The DDM (Dividend Discount Model) is used to evaluate the altcoins that offer token dividends (for example, Binance Coin (BNB), Kucoin Shares (KCS), COSS (COSS), and Cryptopia Fee Shares (CEFS)), in the form of a fee-designated activity. The calculation using this model uses the expected rate of growth in the volume of exchange trade (g). For the crypto enthusiast and founder of Bear Studios, Venture Focus, and The Ledger Group Avi Felman, it is clear that due to this, there will be a broad projection of exchange rate growth, and DDM can give some idea of which assets have significantly depreciated. The required rate of return (r) is equal to the yield in the general cryptocurrency index.

## Production Cost

CoP (Cost of Production) is a completely new model that has not taken root in the traditional economy but has proved itself in the digital environment. To understand the functions of CoP, it is necessary to understand that part of the value of a crypto asset is related not only to their purchase or exchange but also to their production through processes such as mining. Researcher Adam Hayes considers this concept in his article about modeling the price of Bitcoin. The analyst found that three variables determine 84 percent of the value of digital assets: computing power, coin production speed, and the relative complexity of the Proof of Work algorithm, and a model was created that explained the high cost of Bitcoin.

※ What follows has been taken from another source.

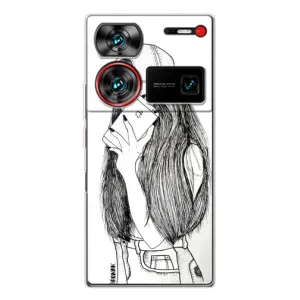 Чохол з друком для ZTE Nubia Z60 Ultra - (Мода) (AlphaPrint) (Фото дівчини)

"In principle, this theory can be used to evaluate all intellectual digital assets. We cannot say how this will work, however, since many crypto projects use other consensus algorithms (such as PoS and DPoS). In addition, this model assumes that a change in the cost of mining or coins will directly affect the price, and there will probably be other key effects between them that will change the end result," suggests Hayes.

## But That Is Not All

In addition to the above methods for evaluating crypto assets, there are several other analytical methods, for example, network values ​​for transactions (NVT), the net present value method (NPV), and even more. Given the current nature of the cryptocurrency market, the methods of absolute evaluation do not yield useful results in themselves. The real benefits when using them are in combination with relative methods of evaluation. Since we cannot use the methods of the traditional economy, it is necessary to develop a direction that will fundamentally study relative estimates in the future.